By Mrs. A. B. Sidwell
(Written about 1889)
Note: She was the oldest daughter of Orville S Cox
  1. The Pioneers Enter Sanpete Valley
  2. A Year of Privations
  3. The First Summer
  4. Health, Indians, Grist Mill
  5. Walker, the Crafty Indian Chief
  6. The Indians on the War Path
  7. The Indian Troubles Continue
  8. Novel Indian Move Gave Sanpete County Impetus
  9. Maniti's First Settlers
Chapter I

The Pioneers Enter Sanpete Valley

"O yes! O yes! Everybody yoke up! Yoke up and prepare to start", were the words of command issuing in stentorian tones from the lips of Captain Higgins, and greeting the ears of a small band of immigrants that were in the month of November, 1849, encamped in Salt Creek Canyon, working roads, waiting and hoping for the recovery of a suffering child of our captain's, and also sister Mary Lowry, who had on this camping ground sustained the injury of a badly fractured ankle.

Journeying. Whither? Through an unbroken wilderness, with the stupendous Wasatch mountains frowning down on every side, edging and walling in the leaden green of the lifeless sage flats and the naked limbs of tree and bush, denuded of their foliage. Grand old Nebo, around whose western and southern base we had been winding, stood with his snow capped peaks, like a sentinel above us.
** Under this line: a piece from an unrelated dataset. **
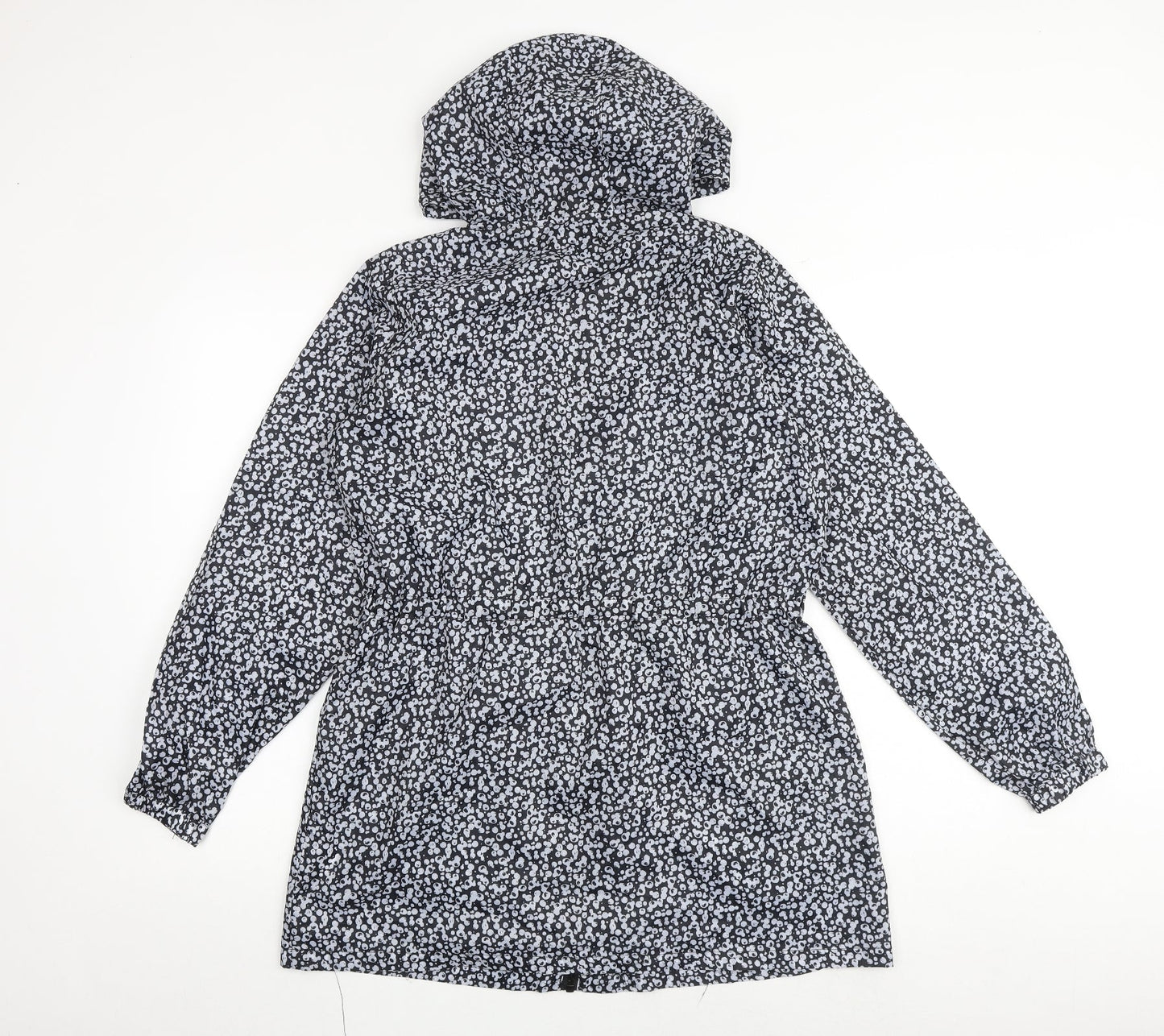 Womens UK Size S Roman Grey Rain Coat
Rain, that most dispiriting of storms, fell thick and chill, making the road, if road it could be called, of this sturdy little band more difficult and dangerous than it otherwise would have been. Every abrupt turn of the canyon appeared to be the end, yet, they cheerfully journeyed on, their destination being Sanpitch; to them, like the garden of Hesperides, to the ancients--a fabled land.

These undaunted travelers were both a military and civil body; Nelson Higgins represented the military authority, and Isaac Morley, Seth Taft, and Charles Shumway, the ecclesiastical and civil power. With pick and shovel in hand, filling a gully here, smoothing a projection there, and often walking all day, while the women drove the teams, these hardy Pioneers made their way through Salt Creek Canyon.

While encamped in this canyon, Charles Shumway, Huntington, Taft, and quite a number of the boys went ahead to look out the road and observe the lay of the country. Being gone longer than was deemed necessary for the purpose, intense anxiety began to be manifest in camp, regarding their safety, knowing they were in an Indian country far from home, and from all hope of help; when this feeling had reached a pitch when almost any certainty would have been better than suspense, just after darkness, thick, black and impenetrable had settled around this solitary camp, every person's thoughts intent upon our absent scouts, a happy, hearty laugh clear and resonant, suddenly broke the gloomy silence and fell upon our listening ears; there was no mistaking the broad, good humored guffaw of "Thop" Shoemaker-and we knew that all was well with our scouts, a part of whom had returned, while the rest had continued their explorations and gone on to some springs which they called Shumway, proposing to make this the permanent stopping place of the oncoming company.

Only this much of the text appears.